Après cette pièce que beaucoup ont considérée comme la clé de voûte de sa carrière d'avant-gardiste sauvage, Antheil se tourna vers un inattendu néoclassicisme avec la création, un an après, du Concerto pour piano qui déçut tant la partie du public qui s'était favorablement emportée pour le Ballet Mécanique qu'elle tourna définitivement le dos à l'auteur. Il retrouvait par conséquent les soucis d'argent d'autrefois, et la pesante chape d'un anonymat duquel il s'était déshabitué. Il réussit à faire jouer son opéra Transatlantic à l'Opéra de Francfort au printemps 1930, avant de retourner au pays avec son épouse. Il écrit avant de quitter l'Europe le Concerto de chambre très influencé par L'histoire du soldat (1918) et la Symphonie d'instruments à vent (1920) de Stravinsky, et que ce disque propose en fin de programme. Ce n'est pas une œuvre d'un grand intérêt, cela dit. Puis, La Juilliard School créera sans succès son nouvel opéra Helen Retires en 1934, et Antheil semble désormais voué à l'échec et à l'oubli.
A partir de 1936, grâce aux relations mondaines de sa fidèle bienfaitrice Madame Curtis Bok, il commence à répondre à des commandes d'Hollywood. Alors qu'il s'était mis à écrire des romans policiers dans une sorte de fièvre créatrice, Il devient rapidement un compositeur de musiques de films d'une prolixité vertigineuse.
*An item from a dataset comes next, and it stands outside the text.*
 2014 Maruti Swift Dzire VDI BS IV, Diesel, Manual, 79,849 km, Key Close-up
Entre autres partitions fleuves pour le cinéma, on se souviendra d’Orgueil et passion, Ruelles du malheur, Le Bagarreur du Kentucky, Le Spectre de la Rose, Les flibustiers, et la musique de nombreux westerns dont la liste serait longue. Il fait fortune, cela va sans dire, et travaille comme un forçat, puisqu'il entend faire vivre sa famille sur un certain pied tout en composant par ailleurs de la musique sérieuse pour satisfaire ses velléités purement artistiques.
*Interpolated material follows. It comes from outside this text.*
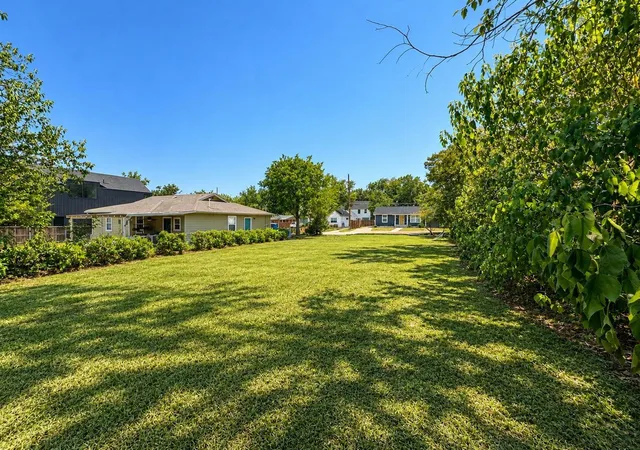Photo 3 of Land for sale at 4505 S 2nd Street, Austin, TX 78745 | MLS# 9581883 | Listing updated on 2026-10-01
C'est de cette période que date la fameuse Quatrième Symphonie qui le replaça en quelques sortes dans la catégorie des compositeurs jouables au concert, pourrait-on dire... C'est le cas également pour le Sérénade pour orchestre à cordes de 1948 que l'on peut entendre ici dans une interprétation d'un lyrisme quasiment barberien. Le second mouvement, andante molto, est joué avec une grande tendresse.
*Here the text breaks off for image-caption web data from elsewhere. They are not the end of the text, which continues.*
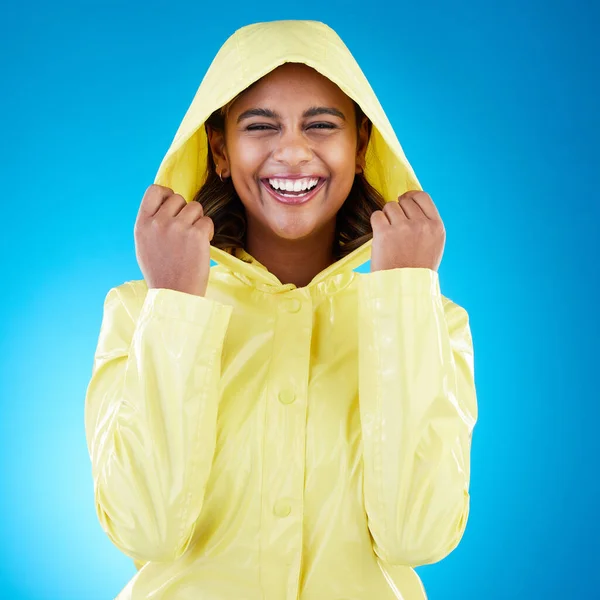 Kapak Mutlu Resimli Yağmurluk Giymiş Bir Kadın Stüdyoda Mavi Bir — Stok fotoğraf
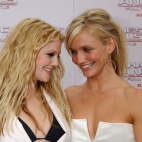 00093G4B7J6AUGO5-C321-F4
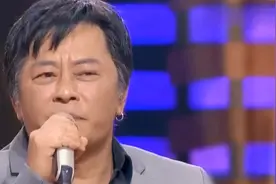 王杰嗓子被毒哑前后对比，现场演唱成名曲，我只想问：谁干的！！视频封面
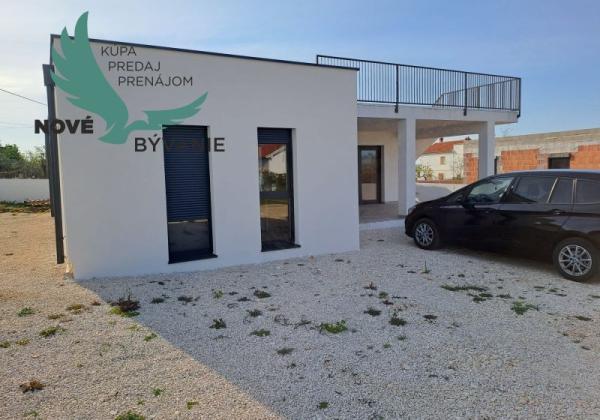 Novostavba domu s výhľadom na more ,Chorvátsko - Vrsi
La collection American Classics du label Naxos offre là un disque au programme judicieusement imaginé, qui permet de suivre les aléas d'une carrière dans une succession contrastée de périodes compositionnelles disparates. La notice de Joschua Cheek traduite en français par David Ylla-Somers propose une approche concise et intéressante des œuvres et de leur auteur.